The Dingli “oversight”

The National Audit Office (NAO) has just concluded an investigation into the Dingli Interpretation centre which sought to determine if there had been collusion between various government officials so that the site will be transformed from an interpretation centre into a catering establishment.

The investigation, as explained in the NAO’s report, did not uncover any evidence to suggest fraud and/or corruption. There is, however, reference to what is being described as an “oversight”. Of central importance in the development of this “oversight” was the authority dealing with land-use planning – then known as MEPA, today rebranded as PA!

When an application for an outline development permission was submitted by the Dingli Local Council in 2002 (application PA5314/02) the local council was requesting the incorporation of a catering area in the submitted plans. Drawing on planning documentation, the NAO report explains in detail how Dingli Local Council was requested by MEPA to revise the submitted proposal. These changes, the NAO report emphasised, “included the elimination of catering services”. To be very clear, MEPA insisted on a change to the development proposal itself.

The original development proposal submitted by the Local Council consisted of the demolition of the two existing buildings and the construction of a new building, consisting of three floors, of a modern design, which occupied a larger footprint than the existing structures. The plans included a kitchenette and a large area designated for seating.

MEPA insisted – and Dingli Local Council agreed – that the description of the proposed development be amended to read ‘restore existing structures, carry out alterations and additions to convert them to an interpretive centre’. The sale of food and drink on site was to be limited to the use of vending machines.

Subsequently, an application for full development permission was submitted by Dingli Local Council and approved by MEPA. We are informed by the NAO report that the approved application (PA0425/08), “allowed food and drink to be served at the Interpretation Centre as an ancillary activity” notwithstanding the fact that these were prohibited by the previous approved outline development permit which established the basic acceptable parameters of the project.

The NAO report states that when the Chairperson of the Development Control Commission (DCC) was queried on the matter, she explained this variance as an “oversight” and said that she was under the impression that the permit issued reflected the Board’s discussion, and therefore excluded catering on site.”

Now an “oversight”, according to my dictionary is “a mistake made through a failure to notice something”.

Going through the MEPA documentation available, I came across the minutes of the DCC which do not indicate an oversight. In fact, the minutes of the DCC held on 18 March 2009 specifically state that there was the intention to refuse the application specifically because catering facilities (that is Class 6 use) were not approved in the outline development permission.

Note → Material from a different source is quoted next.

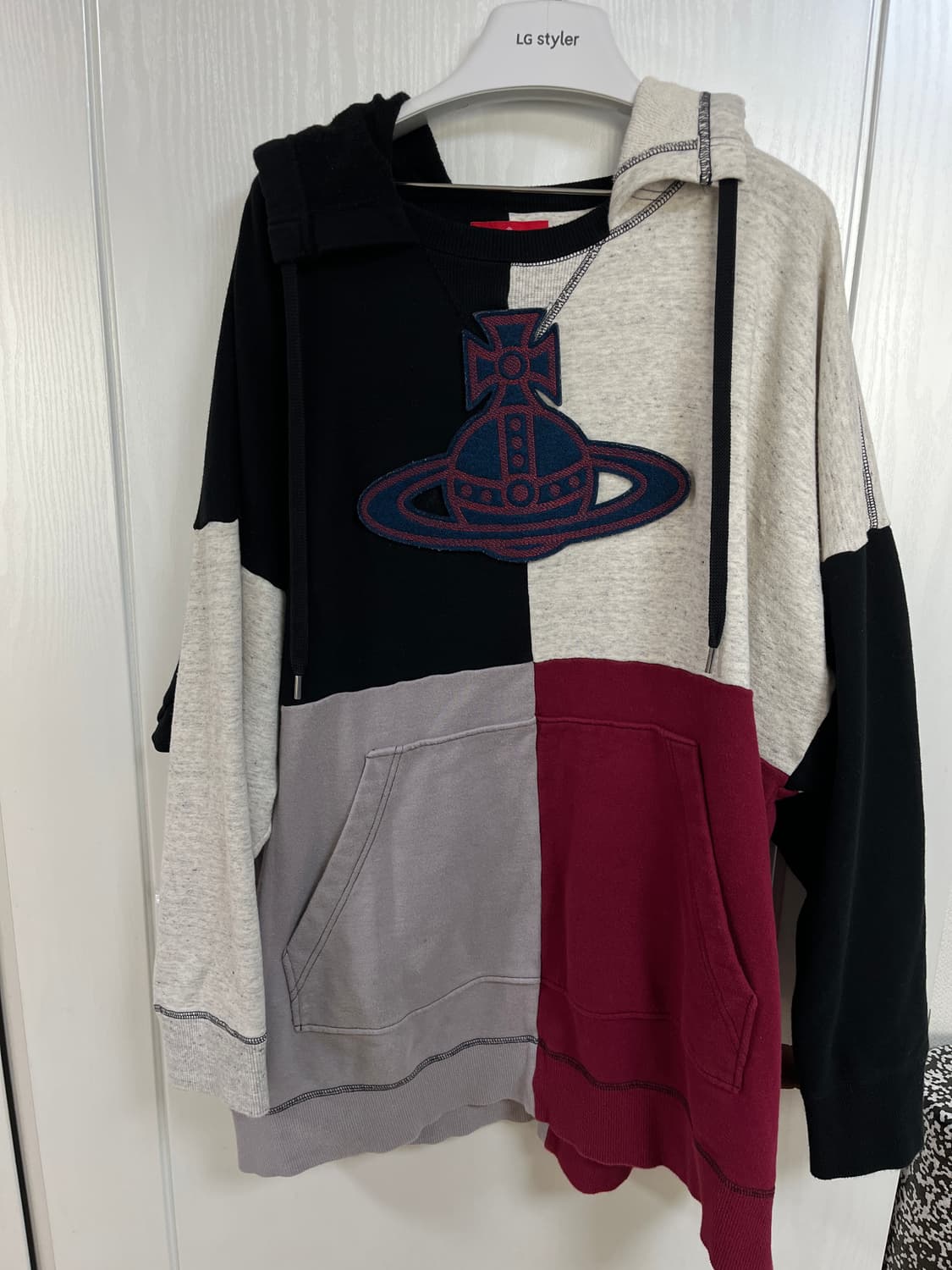 [희귀템] 비비안웨스트 레드라벨 오버사이즈 후드티 110~115 상품이미지1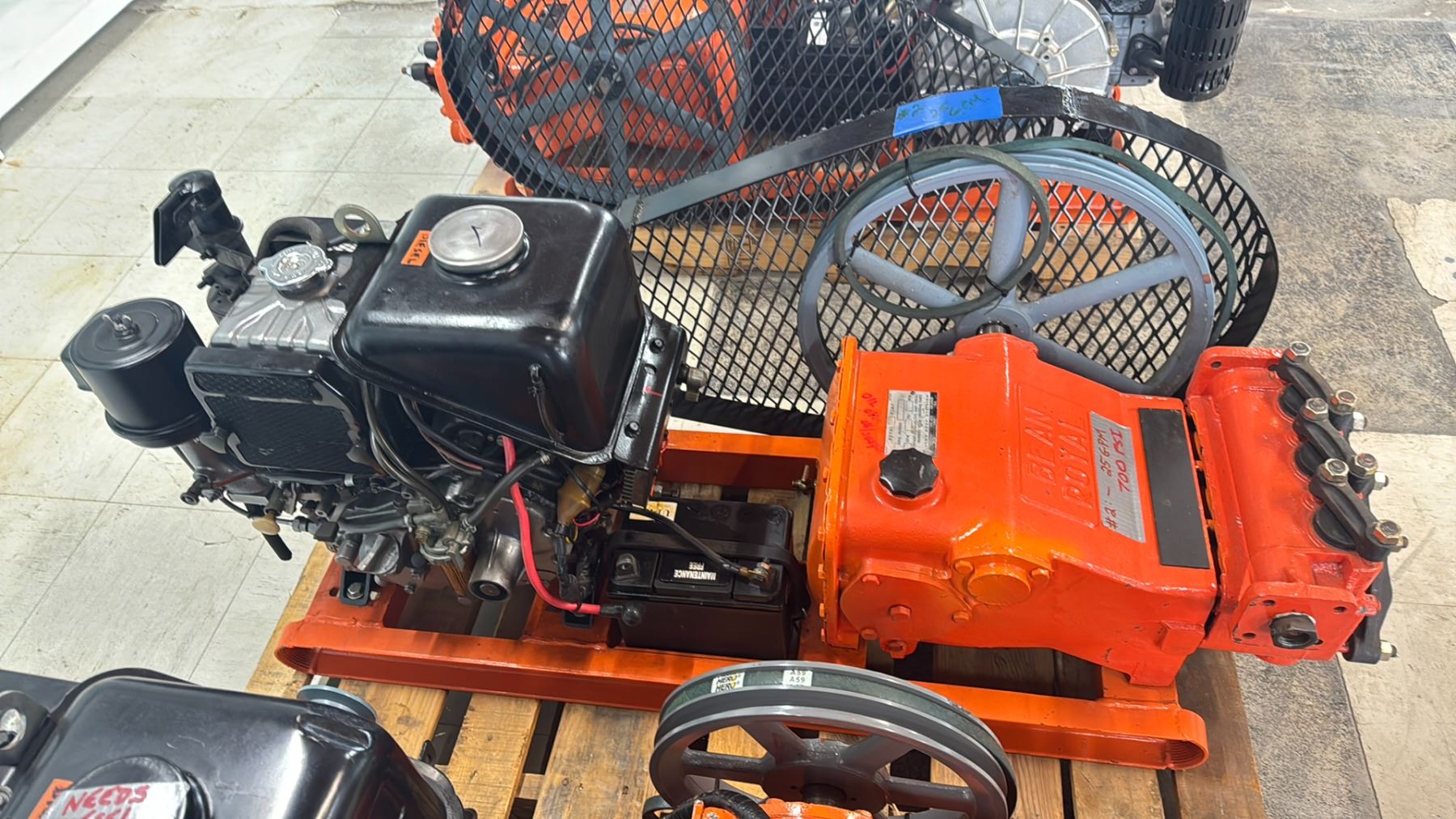 700 PSI 25 GPM BEAN ROYAL INDUSTRIAL PUMP WITH DIESEL MOTOR - Able Auctions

In the MEPA documentation which is referred to as DPAR (Development Permit Application report) in the section entitled “Notes to Committee”, it is written that the Local Council architect reacted by submitting a revised set of drawings in which the catering facility was removed.

In later meetings of the DCC, this intention disappeared and the application (including the catering facilities) was approved on 20 January 2010.

This is anything but an “oversight”: they knew all along what was going on.

The NAO report states: “This Investigation notes that between 18 March 2009 and 10 March 2010, MEPA’s position changed from excluding Class 6 facilities to one that allowed catering as an ancillary facility.”

The basic question is: what happened between the 18 March 2009 and 10 March 2010, as a result of which the DCC changed its views? It is a question which the NAO report fails to answer.

Only idiots would accept that this is an “oversight”.